TASK GOAL :: Without pictures, repeat exactly the lines from the one containing "Obraz premium Bird" through the end of the entries.

***** DATASET ENTRIES

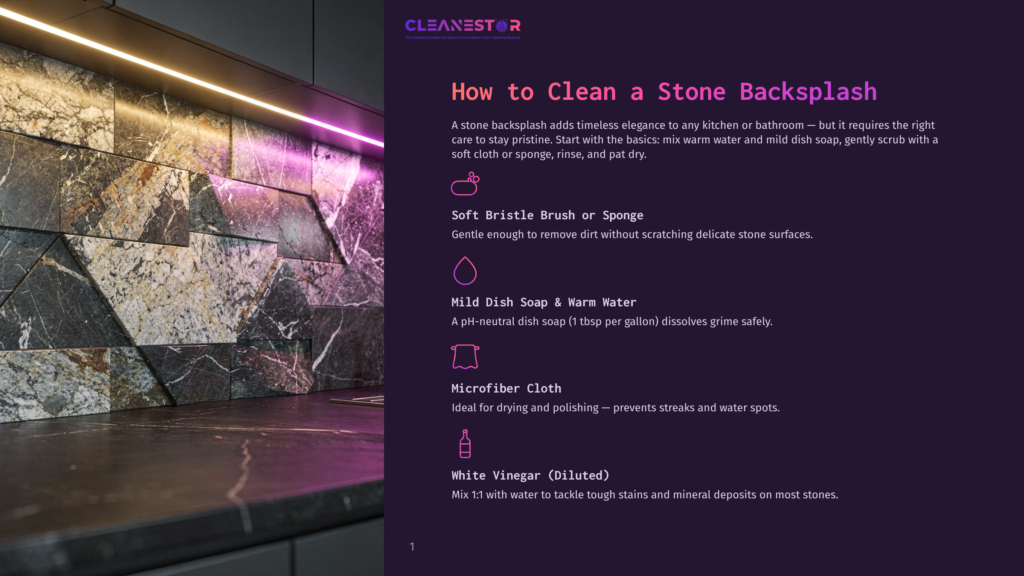 Cleanestor Logo Above A Guide On How To Clean A Stone Backsplah, Featuring A Stylish Kitchen Counter With A Dark, Geometric Stone Backsplash Illuminated By Purple Lighting.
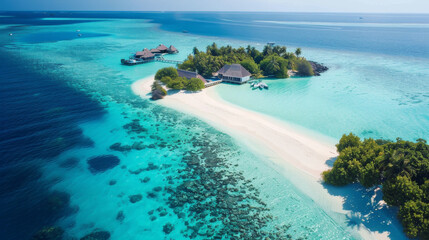 Obraz premium Bird eye view of the crystal-clear waters and white sands of Maldives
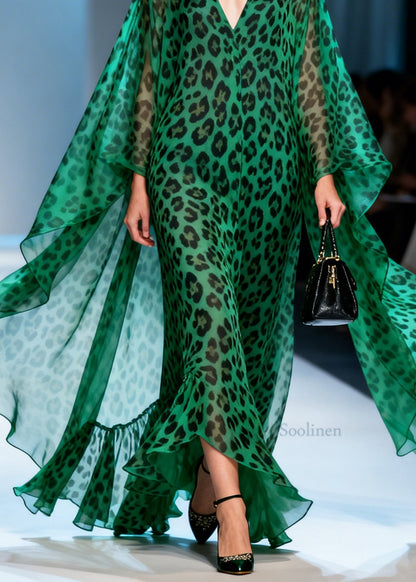Women Green Leopard V Neck Patchwork Chiffon Maxi Dresses Summer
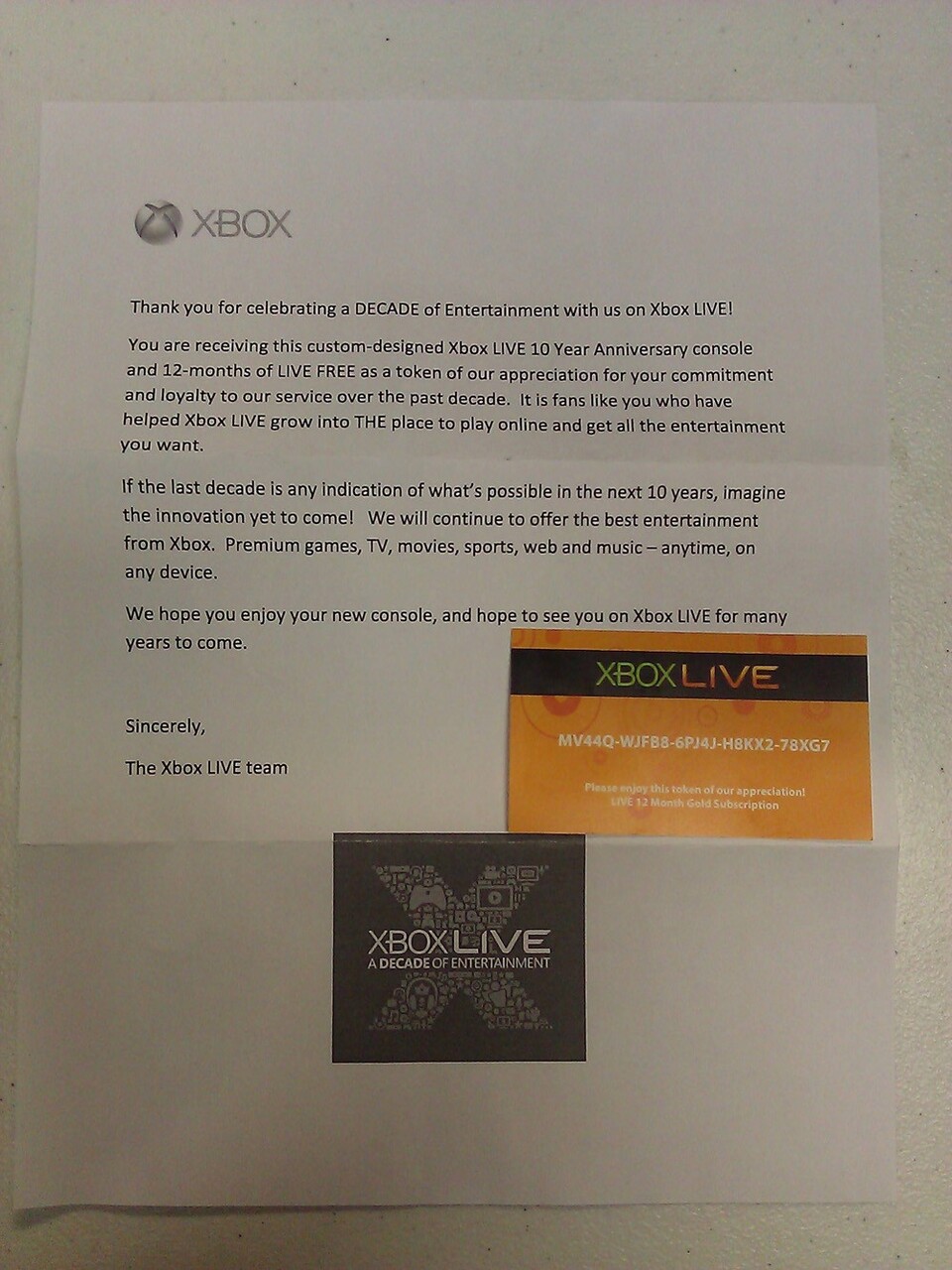 Ein Brief für Veteranen : Xbox Live: Brief zum zehnten Geburtstag.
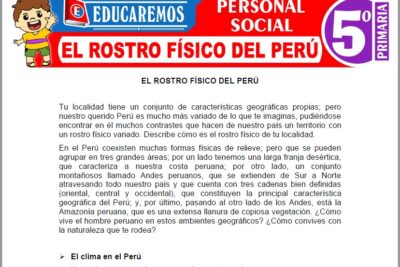 Ejercicios del Rostro Físico del Perú para Quinto Grado de Primaria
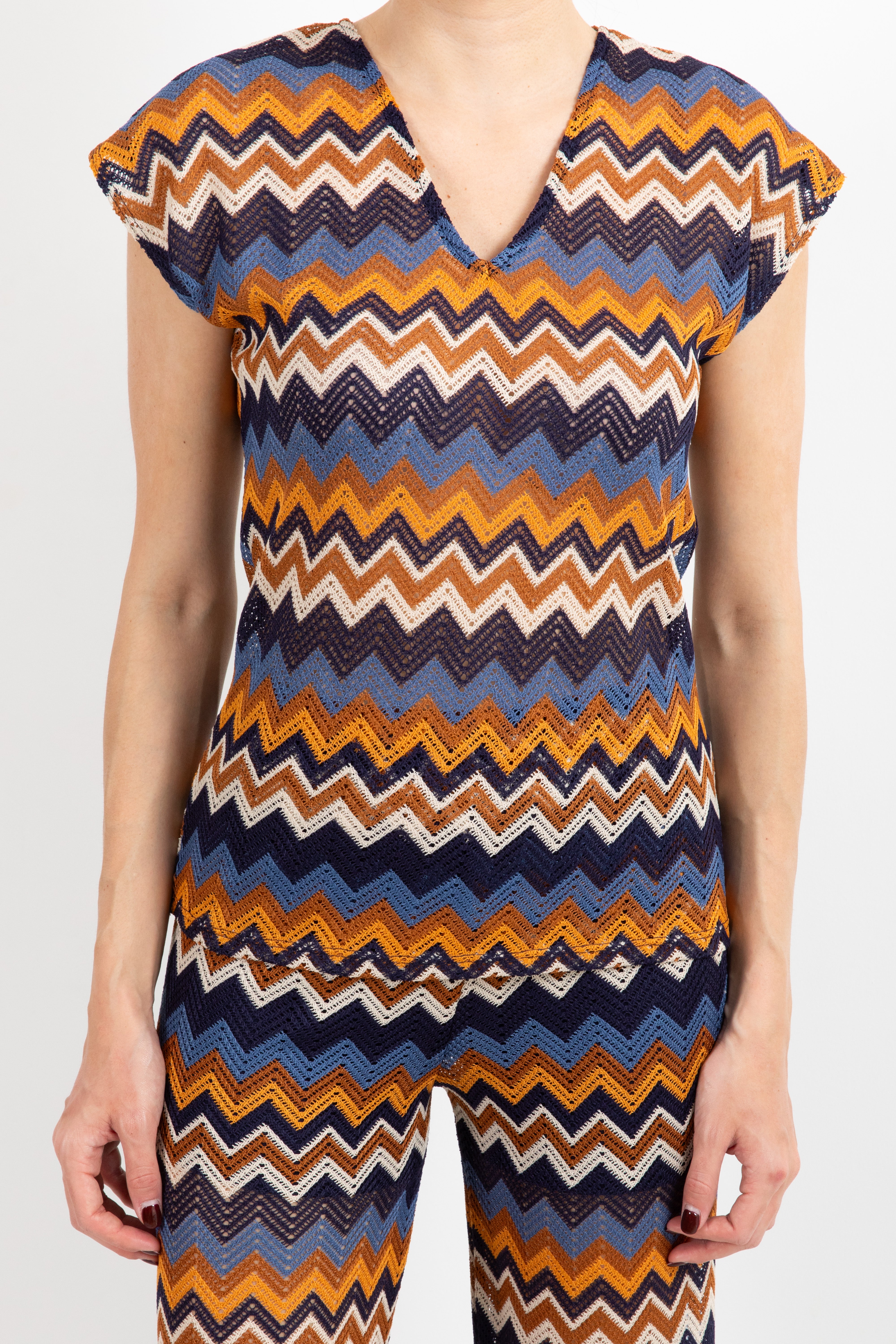 Blusa motivo zig-zag con scollo a "V" Susy Mix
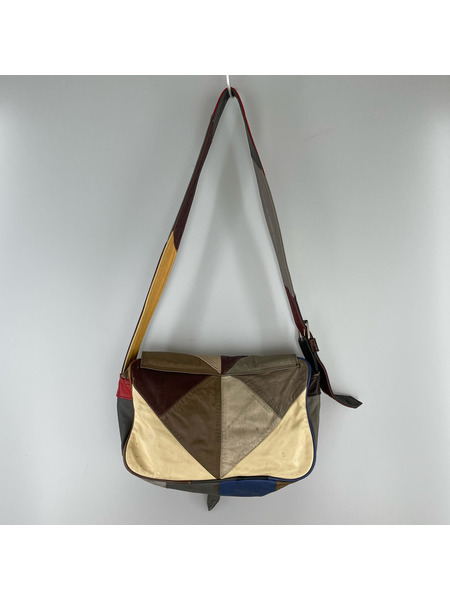 OLD・VINTAGE ショルダーバッグ 80s パッチワークレザー ショルダーバッグ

**********

SOLUTION FOR THIS EXERCISE ::
 Obraz premium Bird eye view of the crystal-clear waters and white sands of Maldives
Women Green Leopard V Neck Patchwork Chiffon Maxi Dresses Summer
 Ein Brief für Veteranen : Xbox Live: Brief zum zehnten Geburtstag.
 Ejercicios del Rostro Físico del Perú para Quinto Grado de Primaria
 Blusa motivo zig-zag con scollo a "V" Susy Mix
 OLD・VINTAGE ショルダーバッグ 80s パッチワークレザー ショルダーバッグ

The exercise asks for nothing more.